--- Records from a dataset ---
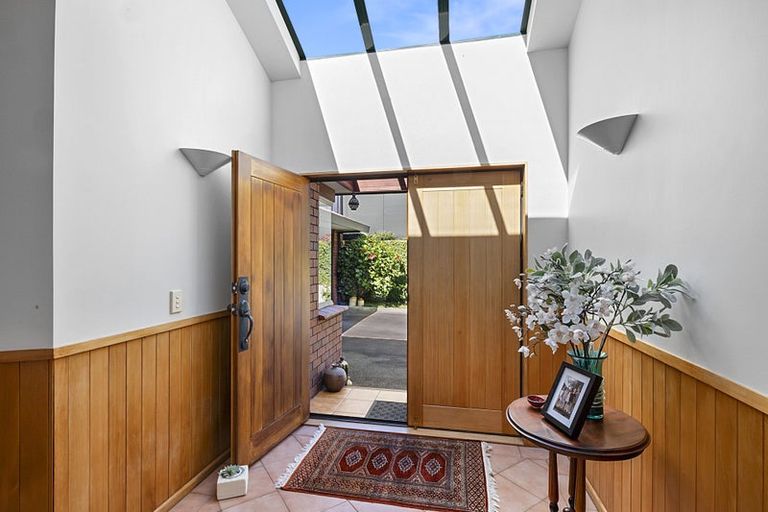 Photo of property in 7b Rimu Street, Strandon, New Plymouth, 4312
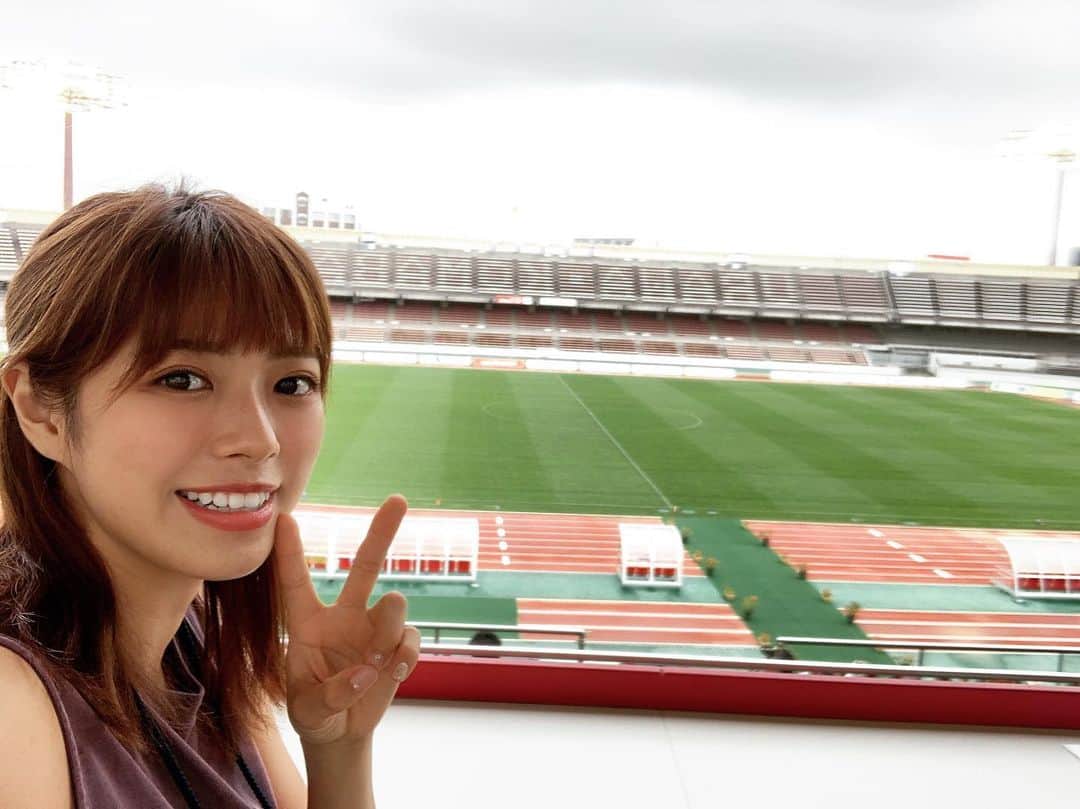 わちみなみのインスタグラム：「7/14﻿ ﻿ レッズレディースの試合の応援！﻿ 久しぶりの浦和駒場スタジアム✨﻿ ﻿ レッズレディース🆚マイナビベガルタ仙台レディース﻿ ﻿ 引き分け以上で﻿ レッズレディースは準決勝に進出できる試合☺︎！﻿ ﻿ 結果は0-0で準決勝進出⭐️﻿ うれしい！﻿ ﻿ レッズはゴールチャンスを多く作っていましたが﻿ なかなか生かせず、、💦﻿ 仙台側も特に後半はゴールを激しく﻿ 狙いにきていてハラハラドキドキでした、、！﻿ 何度もセーブした﻿ キーパーの松本選手の活躍ぶりに拍手していました😆﻿ ﻿ 試合後﻿ 松本選手、安藤選手にインタビュー☺︎﻿ ﻿ とにかく進出できてよかった✨﻿ 次も応援します！  #レッズレディース #浦和レッズレディース #浦和レッズ」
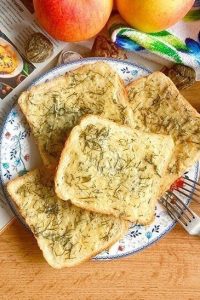 Гренки-пятиминутки с сыром в духовке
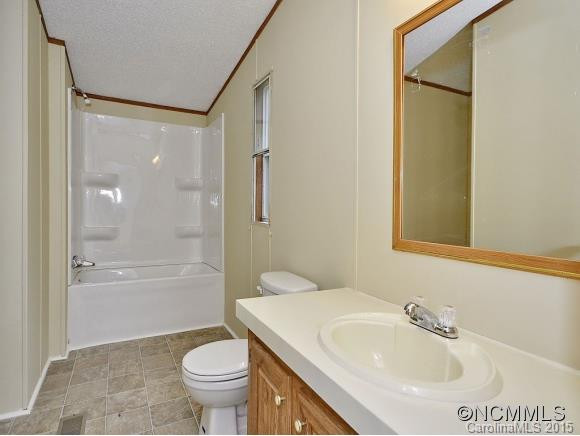 103 OLD LEICESTER RD - Photo 8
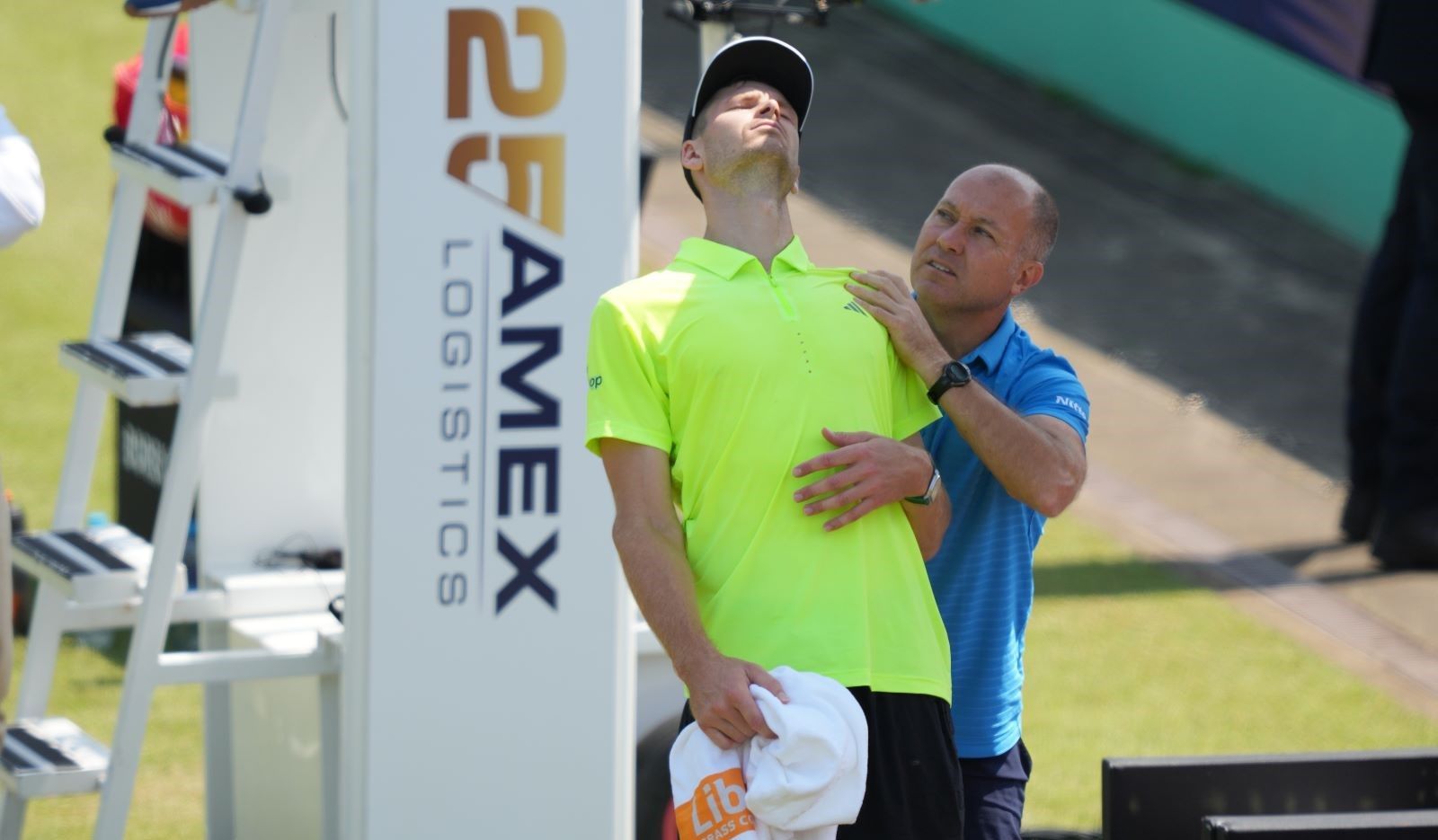 Nagle położył się na korcie. Hurkacz wyjaśnił, co się stało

--- WHAT YOU SHOULD DO ---
Your reply should consist only of the lines running from the line with "103 OLD LEICESTER RD - Photo 8" to the end of the entries, both included, copied exactly and without any pictures.

--- EXERCISE SOLUTION ---
 103 OLD LEICESTER RD - Photo 8
 Nagle położył się na korcie. Hurkacz wyjaśnił, co się stało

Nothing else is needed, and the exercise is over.